Enfin le prêt direct scolaire doit donner à l'enfant le goût et l'habitude de la lecture, donc former les futurs lecteurs adultes. Il est donc important de préparer la transition entre le bibliobus et la bibliothèque d'adultes dont l'enfant doit connaître l'existence et il ne faut pas, si tant est que ce soit le cas actuellement, que le bibliobus reste un simple distributeur de livres (les livreurs de l'Éducation nationale). Nous le verrions au contraire prendre place parmi les disciplines d'éveil par exemple, de façon à créer et entretenir la « faim de lire ». Il faut en tout cas, puisque nous sommes déjà des techniciens du livre, que nous devenions également des techniciens de la lecture et que nous soyons reconnus comme tels.
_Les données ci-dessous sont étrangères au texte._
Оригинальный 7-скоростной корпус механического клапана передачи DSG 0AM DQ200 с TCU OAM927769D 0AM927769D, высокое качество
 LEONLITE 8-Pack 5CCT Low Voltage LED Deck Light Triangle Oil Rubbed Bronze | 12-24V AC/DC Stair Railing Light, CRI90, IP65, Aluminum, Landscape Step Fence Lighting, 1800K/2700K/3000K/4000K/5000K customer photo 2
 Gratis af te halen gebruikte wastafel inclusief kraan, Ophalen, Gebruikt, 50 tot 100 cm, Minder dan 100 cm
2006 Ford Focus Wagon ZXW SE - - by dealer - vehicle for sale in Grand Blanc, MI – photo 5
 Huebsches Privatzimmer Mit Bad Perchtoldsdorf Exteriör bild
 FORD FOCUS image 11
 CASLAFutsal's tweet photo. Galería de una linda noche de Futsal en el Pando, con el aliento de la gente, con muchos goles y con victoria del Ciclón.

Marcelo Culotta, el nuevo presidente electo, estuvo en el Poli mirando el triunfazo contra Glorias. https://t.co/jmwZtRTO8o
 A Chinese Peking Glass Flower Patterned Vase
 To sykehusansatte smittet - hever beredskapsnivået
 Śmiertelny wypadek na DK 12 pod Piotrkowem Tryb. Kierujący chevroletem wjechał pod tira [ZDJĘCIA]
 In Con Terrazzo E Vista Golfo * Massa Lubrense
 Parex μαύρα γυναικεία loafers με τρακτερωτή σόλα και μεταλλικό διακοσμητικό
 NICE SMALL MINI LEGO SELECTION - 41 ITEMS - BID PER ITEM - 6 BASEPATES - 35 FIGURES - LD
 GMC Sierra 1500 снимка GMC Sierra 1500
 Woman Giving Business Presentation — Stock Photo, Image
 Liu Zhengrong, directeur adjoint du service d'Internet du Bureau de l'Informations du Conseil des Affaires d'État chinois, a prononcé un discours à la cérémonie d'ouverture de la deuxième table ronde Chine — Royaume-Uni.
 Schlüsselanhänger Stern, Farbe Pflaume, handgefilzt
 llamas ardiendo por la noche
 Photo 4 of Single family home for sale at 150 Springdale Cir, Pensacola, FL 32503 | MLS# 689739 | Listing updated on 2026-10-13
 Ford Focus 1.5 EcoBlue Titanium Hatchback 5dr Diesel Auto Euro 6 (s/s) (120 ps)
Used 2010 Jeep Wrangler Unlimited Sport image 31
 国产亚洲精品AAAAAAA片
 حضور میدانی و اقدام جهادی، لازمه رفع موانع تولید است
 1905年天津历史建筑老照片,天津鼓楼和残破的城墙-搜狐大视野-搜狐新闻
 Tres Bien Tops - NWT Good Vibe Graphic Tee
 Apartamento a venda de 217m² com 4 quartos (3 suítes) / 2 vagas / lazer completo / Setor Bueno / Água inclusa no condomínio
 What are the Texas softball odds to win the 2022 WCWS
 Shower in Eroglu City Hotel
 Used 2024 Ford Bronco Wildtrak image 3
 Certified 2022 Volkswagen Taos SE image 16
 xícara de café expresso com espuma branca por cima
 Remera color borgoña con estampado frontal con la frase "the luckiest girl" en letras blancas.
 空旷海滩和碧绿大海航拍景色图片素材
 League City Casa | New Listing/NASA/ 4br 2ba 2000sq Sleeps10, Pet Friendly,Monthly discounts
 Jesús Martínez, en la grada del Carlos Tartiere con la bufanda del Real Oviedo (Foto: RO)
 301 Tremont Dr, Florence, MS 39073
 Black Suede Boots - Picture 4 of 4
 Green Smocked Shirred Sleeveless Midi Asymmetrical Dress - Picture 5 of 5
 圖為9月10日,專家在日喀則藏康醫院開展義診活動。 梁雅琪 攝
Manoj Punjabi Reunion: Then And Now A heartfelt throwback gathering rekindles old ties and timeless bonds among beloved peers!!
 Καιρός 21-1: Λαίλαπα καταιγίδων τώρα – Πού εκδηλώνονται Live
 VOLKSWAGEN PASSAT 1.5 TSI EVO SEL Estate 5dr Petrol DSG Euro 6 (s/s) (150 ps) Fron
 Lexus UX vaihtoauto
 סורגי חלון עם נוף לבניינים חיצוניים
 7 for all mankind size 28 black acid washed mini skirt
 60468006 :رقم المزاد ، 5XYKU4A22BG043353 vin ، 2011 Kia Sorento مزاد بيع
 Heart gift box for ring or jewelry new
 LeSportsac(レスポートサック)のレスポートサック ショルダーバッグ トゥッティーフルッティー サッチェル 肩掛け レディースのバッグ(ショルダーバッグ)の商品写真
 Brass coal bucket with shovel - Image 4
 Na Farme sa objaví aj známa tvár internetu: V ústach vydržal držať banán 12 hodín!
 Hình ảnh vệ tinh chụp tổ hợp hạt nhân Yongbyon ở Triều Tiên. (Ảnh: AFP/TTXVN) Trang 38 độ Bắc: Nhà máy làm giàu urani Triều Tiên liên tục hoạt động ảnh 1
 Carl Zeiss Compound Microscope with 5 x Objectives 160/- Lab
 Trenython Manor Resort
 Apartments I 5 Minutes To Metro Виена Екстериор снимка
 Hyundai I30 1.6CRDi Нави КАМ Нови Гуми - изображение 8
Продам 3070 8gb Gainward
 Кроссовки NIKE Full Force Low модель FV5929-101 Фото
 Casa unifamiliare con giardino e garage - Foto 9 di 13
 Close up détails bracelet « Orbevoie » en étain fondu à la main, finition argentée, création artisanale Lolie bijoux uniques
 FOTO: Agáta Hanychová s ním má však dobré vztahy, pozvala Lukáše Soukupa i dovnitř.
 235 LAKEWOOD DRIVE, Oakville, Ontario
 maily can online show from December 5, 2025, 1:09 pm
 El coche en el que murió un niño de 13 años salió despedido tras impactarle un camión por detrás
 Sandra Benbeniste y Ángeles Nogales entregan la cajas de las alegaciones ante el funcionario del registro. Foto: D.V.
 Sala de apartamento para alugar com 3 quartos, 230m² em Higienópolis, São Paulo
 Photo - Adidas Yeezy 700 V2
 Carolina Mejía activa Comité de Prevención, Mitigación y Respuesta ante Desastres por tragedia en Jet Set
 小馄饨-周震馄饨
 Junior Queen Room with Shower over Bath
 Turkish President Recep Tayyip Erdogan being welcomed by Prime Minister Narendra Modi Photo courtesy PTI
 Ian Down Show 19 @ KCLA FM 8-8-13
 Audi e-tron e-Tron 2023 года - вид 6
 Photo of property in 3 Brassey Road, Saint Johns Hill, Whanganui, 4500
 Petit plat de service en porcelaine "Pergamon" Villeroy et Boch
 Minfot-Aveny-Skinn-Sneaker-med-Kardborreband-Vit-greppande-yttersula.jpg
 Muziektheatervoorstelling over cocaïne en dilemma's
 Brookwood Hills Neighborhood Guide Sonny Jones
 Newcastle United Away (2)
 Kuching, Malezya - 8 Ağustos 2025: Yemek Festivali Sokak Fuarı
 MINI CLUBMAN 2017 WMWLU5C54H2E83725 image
Si ces objectifs devaient être considérés comme valables, il faudrait des moyens correspondants :
- plus de véhicules : le maximum d'élèves à desservir par jour devrait être d'environ 400, donc selon la longueur du cycle, entre 4 000 et 9 000 par bibliobus;
- au départ : 1 ½ à 2 livres par enfant c'est-à-dire 6 000 à 8 000 ou 14 000 à 18 000 volumes par bibliobus;
- du personnel qui soit :
- en nombre suffisant (en moyenne deux sous-bibliothécaires et demi par bibliobus)
- surtout qualifié et spécialisé : à la fois en bibliologie enfantine et en psychologie de l'enfant et pédagogie de la lecture. De même que l'on met dans les cours préparatoires les meilleurs des instituteurs, ce sont les meilleurs sous-bibliothécaires ou bibliothécaires qui devraient être affectés au prêt aux enfants.

VII. Conclusion

De l'avis unanime, l'expérience est concluante, passionnante, voire enthousiasmante. Il faut la perfectionner, l'étendre, l'approfondir car quoi qu'en disent les détracteurs, c'est le seul système qui permette à tous les enfants d'âge scolaire de faire connaissance avec la bibliothèque et le livre, qui leur donne donc les chances égales dont on parle tant. Ce qui doit être révisé, ce sont les moyens et les méthodes, les unes étant fonction des autres, mais le prêt direct scolaire a créé des besoins, s'est fait une place et rend des services qu'aucune autre bibliothèque ne pourrait rendre. En restant un élément extérieur à la classe, tout en s'intégrant à la vie scolaire, en n'étant ni un devoir ni une corvée, mais un endroit où on va avec plaisir, où - et c'est important - tous sont égaux, (il n'y a pas de bons ou de mauvais élèves dans le bibliobus), le prêt direct scolaire a en vérité fait entrer la bibliothèque à l'école, et sous un aspect non rébarbatif, non scolaire. Il a aussi, à l'heure où l'on parle d'ouvrir l'école sur la vie, fait entrer la vie à l'école, la vie et le monde extérieur, à la fois parce que son personnel n'est pas celui qui fait classe et parce que le choix considérable de livres qu'il offre en est le reflet et l'expression. Enfin, et on peut dire que c'est là son image de marque par rapport aux autres services de l'Éducation nationale, le bibliobus est un ami, non un rouage administratif, un ami auquel on a pris l'habitude de demander beaucoup et dont on obtient tous comptes faits, presque tout. La première réaction est l'étonnement, bientôt suivi par la familiarité que l'on a coutume d'avoir avec les gens et les choses dont on ne saurait se passer.